## What needs to be done
Your task is to reproduce, exactly and only, the lines running from the line containing "2011 CHEVROLET CRUZE LS" to the end of the data below, both included.

Data extracted from a collection
□ □ □ □
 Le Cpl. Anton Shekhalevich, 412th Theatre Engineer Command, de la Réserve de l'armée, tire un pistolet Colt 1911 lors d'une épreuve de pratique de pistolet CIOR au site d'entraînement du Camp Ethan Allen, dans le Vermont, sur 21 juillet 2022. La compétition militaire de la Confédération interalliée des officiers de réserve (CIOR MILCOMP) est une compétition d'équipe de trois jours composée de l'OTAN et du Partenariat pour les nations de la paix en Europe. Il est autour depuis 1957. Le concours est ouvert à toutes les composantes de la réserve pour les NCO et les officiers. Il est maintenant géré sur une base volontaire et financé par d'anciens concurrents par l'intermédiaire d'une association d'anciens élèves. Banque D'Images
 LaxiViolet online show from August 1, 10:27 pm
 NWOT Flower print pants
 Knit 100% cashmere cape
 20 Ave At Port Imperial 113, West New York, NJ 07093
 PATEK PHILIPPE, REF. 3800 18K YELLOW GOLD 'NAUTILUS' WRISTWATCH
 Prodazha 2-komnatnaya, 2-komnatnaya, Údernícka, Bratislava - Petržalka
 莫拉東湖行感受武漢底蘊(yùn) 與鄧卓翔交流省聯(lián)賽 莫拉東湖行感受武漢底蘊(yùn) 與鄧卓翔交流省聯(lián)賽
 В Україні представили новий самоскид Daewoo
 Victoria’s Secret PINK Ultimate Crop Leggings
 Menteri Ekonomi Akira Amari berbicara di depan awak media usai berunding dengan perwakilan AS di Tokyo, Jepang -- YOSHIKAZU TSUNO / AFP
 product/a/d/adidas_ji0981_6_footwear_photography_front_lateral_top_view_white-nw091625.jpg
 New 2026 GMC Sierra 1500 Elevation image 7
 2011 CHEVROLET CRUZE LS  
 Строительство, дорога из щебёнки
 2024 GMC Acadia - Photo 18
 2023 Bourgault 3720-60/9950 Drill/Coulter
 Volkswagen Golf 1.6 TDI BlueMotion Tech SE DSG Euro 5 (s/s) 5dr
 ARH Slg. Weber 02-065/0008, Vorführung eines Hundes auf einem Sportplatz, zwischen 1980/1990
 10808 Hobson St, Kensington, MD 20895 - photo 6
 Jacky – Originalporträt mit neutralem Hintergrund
□ □ □ □
## Task response
 2011 CHEVROLET CRUZE LS  
 Строительство, дорога из щебёнки
 2024 GMC Acadia - Photo 18
 2023 Bourgault 3720-60/9950 Drill/Coulter
 Volkswagen Golf 1.6 TDI BlueMotion Tech SE DSG Euro 5 (s/s) 5dr
 ARH Slg. Weber 02-065/0008, Vorführung eines Hundes auf einem Sportplatz, zwischen 1980/1990
 10808 Hobson St, Kensington, MD 20895 - photo 6
 Jacky – Originalporträt mit neutralem Hintergrund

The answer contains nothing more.